--- RECORDS FOR THIS EXERCISE Enclosed Below ---
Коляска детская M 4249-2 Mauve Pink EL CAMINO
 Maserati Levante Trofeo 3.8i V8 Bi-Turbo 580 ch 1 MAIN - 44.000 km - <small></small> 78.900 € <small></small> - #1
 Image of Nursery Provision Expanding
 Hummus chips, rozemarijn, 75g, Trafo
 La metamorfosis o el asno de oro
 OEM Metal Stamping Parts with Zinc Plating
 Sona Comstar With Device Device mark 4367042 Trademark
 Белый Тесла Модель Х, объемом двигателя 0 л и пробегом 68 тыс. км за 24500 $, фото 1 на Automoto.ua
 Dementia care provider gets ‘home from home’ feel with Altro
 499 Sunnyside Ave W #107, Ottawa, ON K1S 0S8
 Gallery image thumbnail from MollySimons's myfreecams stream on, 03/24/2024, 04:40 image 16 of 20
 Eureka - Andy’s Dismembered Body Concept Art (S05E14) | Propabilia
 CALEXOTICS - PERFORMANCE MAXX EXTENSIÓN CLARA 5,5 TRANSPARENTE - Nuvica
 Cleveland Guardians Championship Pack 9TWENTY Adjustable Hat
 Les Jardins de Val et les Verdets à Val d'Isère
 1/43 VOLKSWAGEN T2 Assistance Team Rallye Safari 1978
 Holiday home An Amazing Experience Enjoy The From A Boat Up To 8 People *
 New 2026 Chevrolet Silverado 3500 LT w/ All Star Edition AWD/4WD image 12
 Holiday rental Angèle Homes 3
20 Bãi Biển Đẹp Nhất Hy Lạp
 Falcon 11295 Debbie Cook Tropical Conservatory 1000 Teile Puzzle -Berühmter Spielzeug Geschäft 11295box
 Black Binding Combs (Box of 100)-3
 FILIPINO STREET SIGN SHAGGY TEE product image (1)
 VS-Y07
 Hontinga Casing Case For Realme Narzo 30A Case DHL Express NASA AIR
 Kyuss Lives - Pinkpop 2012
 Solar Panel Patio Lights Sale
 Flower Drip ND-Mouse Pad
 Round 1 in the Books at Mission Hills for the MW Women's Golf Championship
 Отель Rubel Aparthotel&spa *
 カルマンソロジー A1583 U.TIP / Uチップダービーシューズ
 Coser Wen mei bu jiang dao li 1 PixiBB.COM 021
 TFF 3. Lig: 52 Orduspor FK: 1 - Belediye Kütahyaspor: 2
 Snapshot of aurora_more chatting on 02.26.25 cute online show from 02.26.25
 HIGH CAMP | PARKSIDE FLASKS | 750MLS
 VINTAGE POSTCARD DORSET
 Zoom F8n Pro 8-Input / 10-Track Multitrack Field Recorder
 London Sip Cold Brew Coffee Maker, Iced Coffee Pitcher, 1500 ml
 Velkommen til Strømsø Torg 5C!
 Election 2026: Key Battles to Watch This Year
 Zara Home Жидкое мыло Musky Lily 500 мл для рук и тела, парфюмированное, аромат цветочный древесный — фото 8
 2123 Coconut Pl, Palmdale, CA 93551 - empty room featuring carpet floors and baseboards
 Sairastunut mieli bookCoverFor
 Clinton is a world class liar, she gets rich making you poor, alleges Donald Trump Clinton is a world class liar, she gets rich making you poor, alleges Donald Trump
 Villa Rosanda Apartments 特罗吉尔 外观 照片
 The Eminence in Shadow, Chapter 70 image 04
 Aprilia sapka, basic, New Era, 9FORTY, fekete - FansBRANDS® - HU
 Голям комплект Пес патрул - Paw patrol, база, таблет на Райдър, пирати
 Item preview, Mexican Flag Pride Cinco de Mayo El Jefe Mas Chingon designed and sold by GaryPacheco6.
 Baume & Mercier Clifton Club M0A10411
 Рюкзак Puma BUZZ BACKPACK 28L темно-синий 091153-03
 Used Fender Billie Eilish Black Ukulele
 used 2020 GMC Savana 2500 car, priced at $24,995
--- End of Enclosed RECORDS FOR THIS EXERCISE ---
▶ EXERCISE
Starting at the line that has "FILIPINO STREET SIGN" in the records above, restate word for word every line until the one that has "Coser Wen mei", and include that one as well.

▶ YOUR RESPONSE
 FILIPINO STREET SIGN SHAGGY TEE product image (1)
 VS-Y07
 Hontinga Casing Case For Realme Narzo 30A Case DHL Express NASA AIR
 Kyuss Lives - Pinkpop 2012
 Solar Panel Patio Lights Sale
 Flower Drip ND-Mouse Pad
 Round 1 in the Books at Mission Hills for the MW Women's Golf Championship
 Отель Rubel Aparthotel&spa *
 カルマンソロジー A1583 U.TIP / Uチップダービーシューズ
 Coser Wen mei bu jiang dao li 1 PixiBB.COM 021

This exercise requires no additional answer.